2011-02-07 Thread Ivan Voras
On 7 February 2011 14:37, Gleb Kurtsou gleb.kurt...@gmail.com wrote:

 It's up to user to mount tmpfs filesystems of reasonable size to prevent
 resource exhaustion. Anyway, enormously large tmpfs killing all your
 process is not the way to go.

Of course not, but as I see it (from admin perspective), tmpfs should
behave as close to regular processes in consuming memory as possible
(where possible; obviously it cannot be subject to the OOM killer :)
).

The problem described in this thread is that there is enough memory in
various lists and tmpfs still reports 0 bytes free. See my message:
the machine had more than 8 GB of free memory (reported by top)
and still 0 bytes free in tmpfs - and that's not counting inactive
and other forms of used memory which could be freed or swapped out
(and also not counting swap).

By as close to regular processes in consuming memory I mean that I
would expect tmpfs to allocate from the same total pool of memory as
processes and be subject to the same mechanisms of VM, including swap.
If that is not possible, I would (again, as an admin) like to extend
the tmpfs(5) man page and other documentation with information about
what types of memory will and will not count towards available to
tmpfs.

 Unless there are objections, I'm planning to do the following:

 1. By default set tmpfs size to max(all swap/2, all memory/2) and print
 warning that filesystem size should be specified manually.
 Max(swap/2,mem/2) is used as a band-aid for the case when no swap is setup.

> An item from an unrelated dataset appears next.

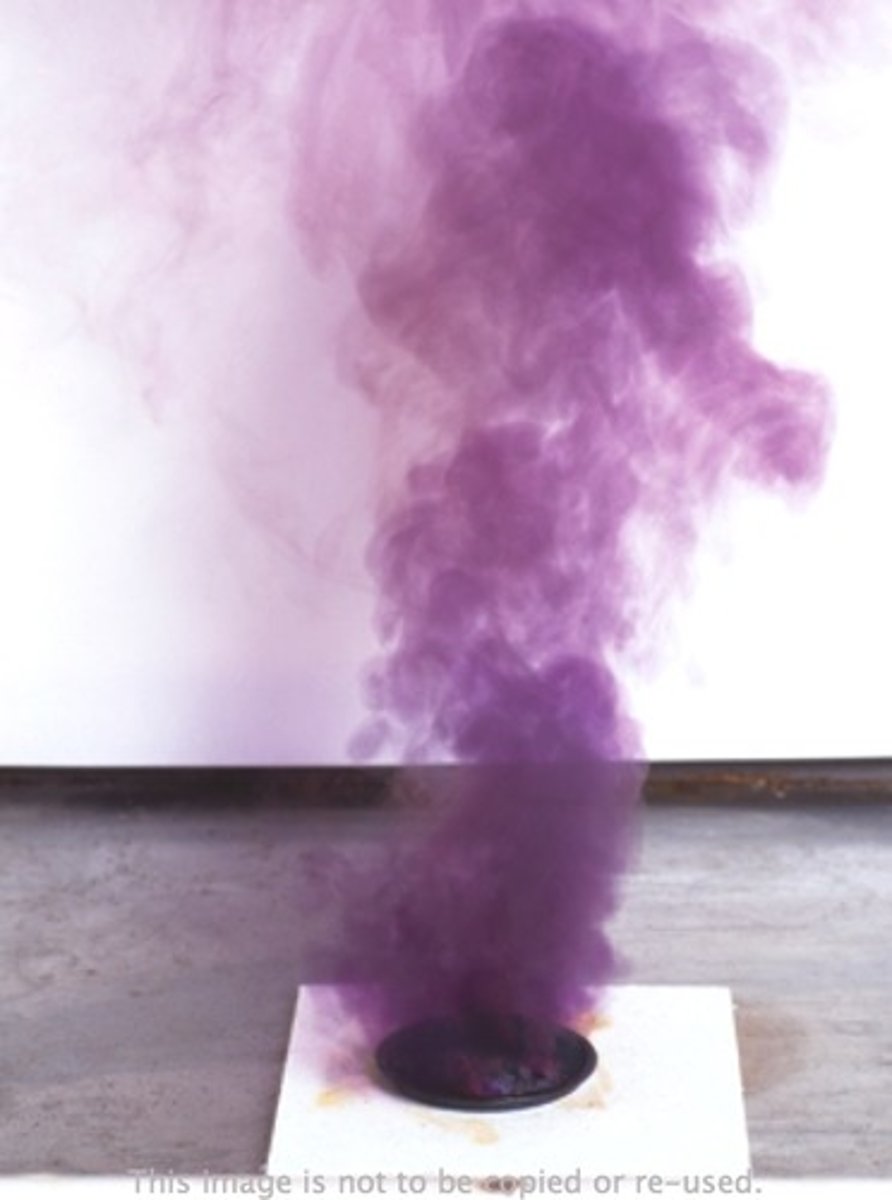 <p>A dark grey crystalline solid or purple vapour</p>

You mean as a reservation, maximum limit or something else? If a tmpfs
with size of e.g. 16 GB is configured, will the memory be
preallocated? wired?

I don't think there should be default hard size limits to tmpfs - it
should be able to hold sudden bursts of large temp files (using swap
if needed), but that could be achieved by configuring a tmpfs whose
size is RAM+swap if the memory is not preallocated so not a big
problem.

 3. Remove live filesystem size checks, i.e. do not depend on
 free/inact memory.

I'm for it, if it's possible in the light of #1

 2. Add support for resizing tmpfs on the fly:
        mount -u -o size=newsize /tmpfs

ditto.

 Reserving swap for tmpfs might not be what user expects: generally I use
 tmpfs for work dir for building ports, it's unused most of the time.

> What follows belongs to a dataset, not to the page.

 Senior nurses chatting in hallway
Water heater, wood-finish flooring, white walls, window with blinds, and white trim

It looks like we think the opposite of it :) I would like it to be
swapped out if needed, making room for running processes etc. as
regular VM paging algorithms decide. Of course, if that could be
controlled with a flag we'd both be happy :)

 btw, what linux and opensolaris do when available mem/swap gets low due
 to tmpfs and how filesystem size determined at real-time?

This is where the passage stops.